- _WHAT YOU WILL DO_
Repeat the lines below exactly as they appear, but leave out the images.
*** DATA BELOW Section Begins ***
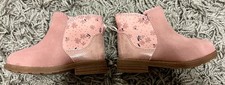 Baby Girl Pink Carter's Boots Size 6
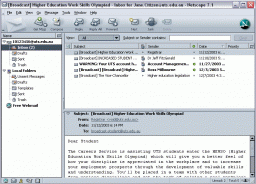 Netscape Mail miniaturka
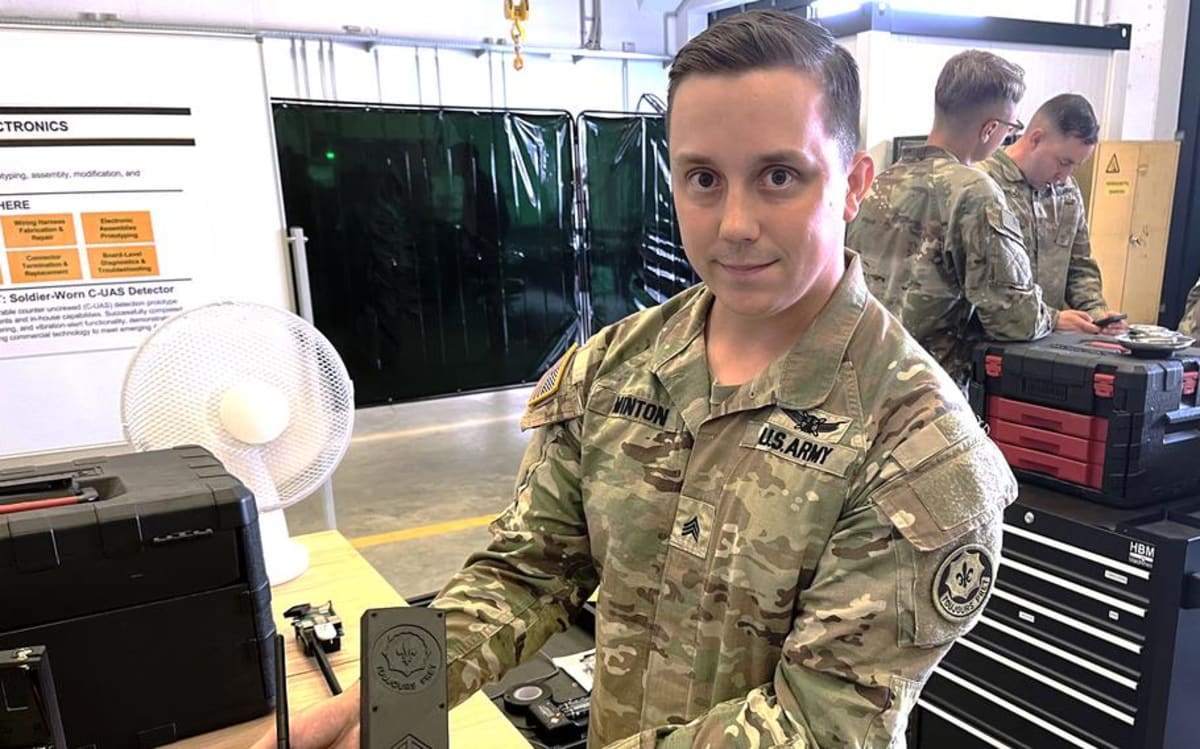 Soldier Builds $120 Drone Detector to Save Lives - Image 2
*** DATA BELOW Section Ends ***
- _ANSWER TO THE PROBLEM_
 Baby Girl Pink Carter's Boots Size 6
 Netscape Mail miniaturka
 Soldier Builds $120 Drone Detector to Save Lives - Image 2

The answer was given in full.